Thanks for your videos, they are tremendous help for people who want to attempt some of these jobs for their vehicles. I am going to replace all brake components on my 96 F350 OBS 7.3 soon.
As far as temperature testing for dragging brakes, I discovered mine on the front of my Expedition was binding when I would go to the car wash. I'd wash each wheel well, and when I'd get to the front passenger, water on the rotor or caliper would just roil into steam and boil off, and I'd think, hmm that's odd. After suspecting it for a bit, recently it started binding hard enough that if I reversed it would drag the dire through gravel. Time to replace everything :(
Thanks for the great video, I have my 07 f-150 in my shop about to take off the right front caliper and this has helped me a great deal. I am looking for a video that shows how to replace the pinion bearings for an 09 f-350 with drw that is 4x4 diesel and manual trans. If you have any such video I would love to see it, just point it out plz, Thanks a ton!!!
Thanks for this awesome video! Your explanations are clear and easy to follow. What should i check in the first place when my parking brake lever needs a couple of activations before it engages? (2008 Taurus-X) I was thinking about replacing rear parking brake cables that are probably stretched? I am puzzled with this one! Thank you!
Good vid. I hate it when people don't know how and when to use anti-seize correctly. Bought a 96 Mustang and I've been going through it. Previous owner put anti-seize on all the caliper bracket anchor bolts. Even on the wheel nut studs!
Makuloco! Thanks for your video. One of the rotors was sutcked I disassembly one rotor and found I placed 2 inner pads in one side and the other rotor has the other pads. I installed the same pads in the correct way and it appears right now is working fine. I have to make further test to check if it really fix the problem. Thanks!
Thanks for sharing your knowledge , i enjoy all your videos and learned alot on how to service my f150. i am about to perform a caliper replacement on my truck but is this procedure also apply for abs cars and trucks is there any type of need for a scanner to bleed the abs pump or system after this repair?

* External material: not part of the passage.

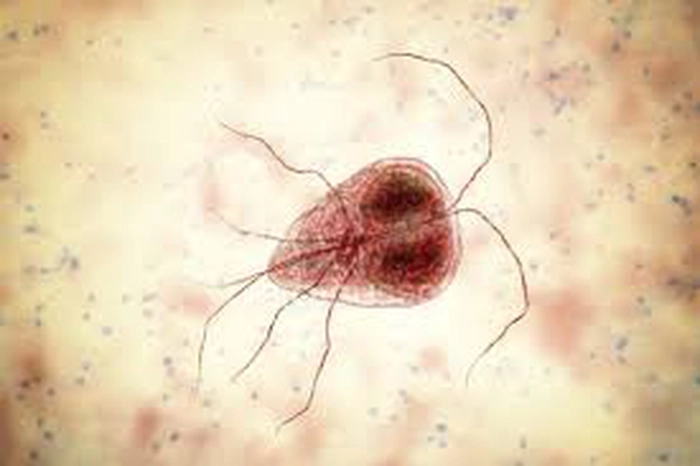 giardia la microscop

You have excellent camera work! Your video was great! Had to redo the rear brakes and haven't done it for a while. One question, though: does it matter which way the brake line is attached? I took mine off without noting which way it was on. There was a notch that looked like it had to go on a certain way, but it then the hose would interfere with the caliper pins if I put it on that way. Eventually, I got it on (I guess we'll see if it's right! haha); but, a recap of whether it is important would have been good--at least for me! :D
First, I really appreciate your expertise and videos. They have helped me out countless times, and saved me $$$$$. However, I followed your instructions regarding keeping the pads out while bleeding the brakes, and while doing so the rubber boot that is inside of one of the cylinders of the caliper looks like it was stretched too far and tore. Now either it was my error or it was a failed part. I'm interested on what you think? Without the pads in did I over extend the piston or were the piston rubber seals faulty?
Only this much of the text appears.